Daylight Theory: SMIRKS - A Reaction Transform Language

5. SMIRKS - A Reaction Transform Language

A transform is simply a generic reaction within the Daylight system. Generic reactions are extremely useful for chemical information processing. They can be used to create new reactions, manipulate molecules, and to generate new molecules on a large (conbinatorial) scale. They are somewhat complicated, because they must meet several conflicting sets of requirements. These requirements, and how the Daylight system addresses them, are discussed here.

5.1 Description

A complete reaction can be described in a number of ways: the reactant/product notation used in SMILES, as a reaction graph, and as a atom- and bond-change list plus the reactant molecules. It is straightforward to interconvert any of the three representations of a complete reaction.

The most intriguing way to think about a complete reaction is as an atom and bond change list. This representation can be easily understood to capture the idea of a generic reaction. Any set of reactions which undergo the same set of atom and bond changes, regardless of the underlying molecule substrates, can be considered an example of a given generic reaction.

Consider once again our Sn2 reaction. If it is a normal Sn2 reaction, then the list of atom and bond changes during the reaction is as follows:

Reaction Change List:
Part: Change Type: Change:

C-Br Bond Single bond -> no bond

C-I Bond no bond -> Single bond

Br Atom no charge -> -1 charge

I Atom -1 charge -> no charge

Any reaction which undergoes the same set of atom and bond changes would be considered part of the same generic reaction. For example, reaction of Potassium Iodide rather than Sodium Iodide, or reaction of any alkyl bromide in place of Allyl Bromide all have the same list of atom and bond changes. Note that this bare-bones representation of the reaction does not take into account other factors which might affect the reaction such as the steric effects of a primary bromide versus a secondary or tertiary one, and the electronic activating effect of the allylic bond.

As an aside, note the similarities of this representation with the "Difference Fingerprints" described previously. In effect, the difference fingerprint is calculated directly from the bond changes during a reaction (atom property changes like charge, stereochemistry, are not included). The difference fingerprints will be identical for all examples of a single generic reaction.

So, there are two distinct requirements to accurately capture a generic reaction.

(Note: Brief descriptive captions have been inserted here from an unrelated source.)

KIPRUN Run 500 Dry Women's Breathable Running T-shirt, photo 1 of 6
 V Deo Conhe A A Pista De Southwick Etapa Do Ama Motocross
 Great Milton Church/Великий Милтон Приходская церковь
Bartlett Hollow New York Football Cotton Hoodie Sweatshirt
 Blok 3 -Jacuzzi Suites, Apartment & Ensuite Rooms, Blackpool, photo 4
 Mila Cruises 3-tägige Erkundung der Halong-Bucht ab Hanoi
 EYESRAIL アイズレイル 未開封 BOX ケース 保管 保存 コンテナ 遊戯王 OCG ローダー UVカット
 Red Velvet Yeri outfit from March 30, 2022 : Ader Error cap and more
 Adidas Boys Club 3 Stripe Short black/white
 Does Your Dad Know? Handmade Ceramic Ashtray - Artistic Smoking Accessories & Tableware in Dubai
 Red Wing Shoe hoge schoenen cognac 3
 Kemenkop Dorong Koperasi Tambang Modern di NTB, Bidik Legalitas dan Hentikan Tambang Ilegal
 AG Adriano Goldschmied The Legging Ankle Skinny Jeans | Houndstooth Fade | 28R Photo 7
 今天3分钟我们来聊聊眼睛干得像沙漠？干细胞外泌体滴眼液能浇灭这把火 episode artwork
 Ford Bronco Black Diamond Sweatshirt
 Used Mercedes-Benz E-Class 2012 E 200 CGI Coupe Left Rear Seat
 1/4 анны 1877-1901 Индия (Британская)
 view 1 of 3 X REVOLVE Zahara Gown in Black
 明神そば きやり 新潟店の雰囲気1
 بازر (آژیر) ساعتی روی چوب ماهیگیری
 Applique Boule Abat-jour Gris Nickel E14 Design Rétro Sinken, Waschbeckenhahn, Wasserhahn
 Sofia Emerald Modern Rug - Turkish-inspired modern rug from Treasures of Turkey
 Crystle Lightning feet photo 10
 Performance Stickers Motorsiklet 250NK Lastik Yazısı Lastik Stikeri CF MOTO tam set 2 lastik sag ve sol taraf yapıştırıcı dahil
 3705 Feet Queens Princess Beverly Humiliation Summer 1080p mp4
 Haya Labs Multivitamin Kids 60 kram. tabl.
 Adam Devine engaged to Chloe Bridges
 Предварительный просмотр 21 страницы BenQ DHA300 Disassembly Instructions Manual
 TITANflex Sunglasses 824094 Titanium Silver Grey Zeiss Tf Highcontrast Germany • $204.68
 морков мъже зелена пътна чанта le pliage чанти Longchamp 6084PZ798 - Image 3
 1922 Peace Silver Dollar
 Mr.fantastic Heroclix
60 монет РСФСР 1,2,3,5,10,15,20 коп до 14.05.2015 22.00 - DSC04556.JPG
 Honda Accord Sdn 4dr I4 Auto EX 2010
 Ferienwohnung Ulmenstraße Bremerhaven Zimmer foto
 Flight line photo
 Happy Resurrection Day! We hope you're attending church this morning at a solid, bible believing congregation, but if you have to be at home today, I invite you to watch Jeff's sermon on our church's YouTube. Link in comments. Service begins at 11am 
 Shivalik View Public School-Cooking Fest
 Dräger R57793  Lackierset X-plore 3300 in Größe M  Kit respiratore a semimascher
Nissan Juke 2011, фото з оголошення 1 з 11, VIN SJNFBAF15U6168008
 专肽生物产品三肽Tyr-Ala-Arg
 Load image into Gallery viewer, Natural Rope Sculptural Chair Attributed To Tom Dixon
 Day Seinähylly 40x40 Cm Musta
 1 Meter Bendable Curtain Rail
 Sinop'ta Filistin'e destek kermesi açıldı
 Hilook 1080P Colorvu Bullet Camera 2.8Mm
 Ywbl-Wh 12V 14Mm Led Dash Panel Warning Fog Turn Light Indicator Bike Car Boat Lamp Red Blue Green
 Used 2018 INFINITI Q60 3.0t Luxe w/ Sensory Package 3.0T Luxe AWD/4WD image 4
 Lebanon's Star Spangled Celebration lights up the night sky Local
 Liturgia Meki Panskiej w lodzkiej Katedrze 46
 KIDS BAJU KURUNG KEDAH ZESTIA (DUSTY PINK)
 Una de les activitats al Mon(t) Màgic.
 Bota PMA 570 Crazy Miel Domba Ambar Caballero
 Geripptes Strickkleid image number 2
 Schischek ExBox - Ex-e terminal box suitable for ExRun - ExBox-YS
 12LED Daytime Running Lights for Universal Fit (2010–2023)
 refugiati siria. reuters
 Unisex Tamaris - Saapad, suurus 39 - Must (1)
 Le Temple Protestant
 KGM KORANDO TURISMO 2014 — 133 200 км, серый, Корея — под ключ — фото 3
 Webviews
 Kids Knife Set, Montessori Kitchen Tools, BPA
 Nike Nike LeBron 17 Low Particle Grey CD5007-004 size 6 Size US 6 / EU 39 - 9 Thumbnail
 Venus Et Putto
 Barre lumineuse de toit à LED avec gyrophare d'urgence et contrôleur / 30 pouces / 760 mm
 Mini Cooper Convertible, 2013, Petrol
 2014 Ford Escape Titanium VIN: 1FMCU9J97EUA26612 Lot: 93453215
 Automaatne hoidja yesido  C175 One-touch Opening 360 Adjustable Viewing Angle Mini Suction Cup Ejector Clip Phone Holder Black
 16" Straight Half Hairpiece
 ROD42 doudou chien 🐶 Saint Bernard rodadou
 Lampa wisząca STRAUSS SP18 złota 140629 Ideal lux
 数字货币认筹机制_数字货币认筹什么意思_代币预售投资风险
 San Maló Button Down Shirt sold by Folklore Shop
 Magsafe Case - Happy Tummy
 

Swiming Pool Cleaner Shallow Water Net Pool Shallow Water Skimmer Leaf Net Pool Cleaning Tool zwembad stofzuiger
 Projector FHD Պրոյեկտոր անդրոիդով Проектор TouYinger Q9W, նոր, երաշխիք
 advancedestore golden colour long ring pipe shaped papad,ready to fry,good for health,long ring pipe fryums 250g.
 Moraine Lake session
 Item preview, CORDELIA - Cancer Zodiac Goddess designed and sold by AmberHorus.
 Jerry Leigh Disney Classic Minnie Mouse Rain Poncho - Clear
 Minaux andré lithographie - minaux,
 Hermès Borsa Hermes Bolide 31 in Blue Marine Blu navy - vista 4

First is the actual set of changes to the molecule which occur during the reaction (captured with the atom and bond changes) and second is the indirect effects of activating and deactivating groups near the reaction site.

Within the Daylight system, the indirect effects on a generic reaction are most appropriately expressed with the SMARTS query language. With it, one can express concepts such as "electron-withdrawing group", "electron-donating group", aromaticity, unsaturation, steric effects, etc.

The parallels here should be evident: a complete reaction consists of a set of atom and bond changes, plus the substrate molecule upon which the changes operate. A generic reaction consists of the same set of atom and bond changes, plus a substrate SMARTS pattern upon which the changes operate. Any molecule which matches the SMARTS pattern is a candidate for the generic reaction.

5.2 Representation

In the Daylight System, we adopted the reactant/product notation for generic reactions. It is not as compact as a reaction graph, but it is the most compatible and most consistent with the SMILES and SMARTS languages already defined for reactions.

The language SMIRKS is defined for generic reactions. It is a hybrid of SMILES and SMARTS in order to meet the dual needs for a generic reaction: expression of a reaction graph and expression of indirect effects. It is a restricted version of reaction SMARTS involving changes in atom-bond patterns. The rules for SMIRKS are:

The reactant and product sides of the transformation are required to have the same numbers and types of mapped atoms and the atom maps must be pairwise. However, non-mapped atoms may be added or deleted during a transformation.¹
Stoichiometry is defined to be 1-1 for all atoms in the reactant and product for a transformation. Hence, if non-unit stoichiometry is desired, reactants or products must be repeated.
Explicit hydrogens that are used on one side of a transformation must appear explicitly on the other side of the transformation and must be mapped.
Bond expressions must be valid SMILES (no bond queries allowed).
Atomic expressions may be any valid atomic SMARTS expression for nodes where the bonding (connectivity & bond order) doesn't change.¹ Otherwise, the atomic expressions must be valid SMILES.

These above rules guarantee that the SMIRKS can be interpreted as a reaction graph and that the atom and bond changes can be derived from this representation. This set of rules satisfies the first requirement for a generic reaction. The final rule allows the expression of the "indirect effects" of a generic reaction for atoms which don't participate directly in the reaction.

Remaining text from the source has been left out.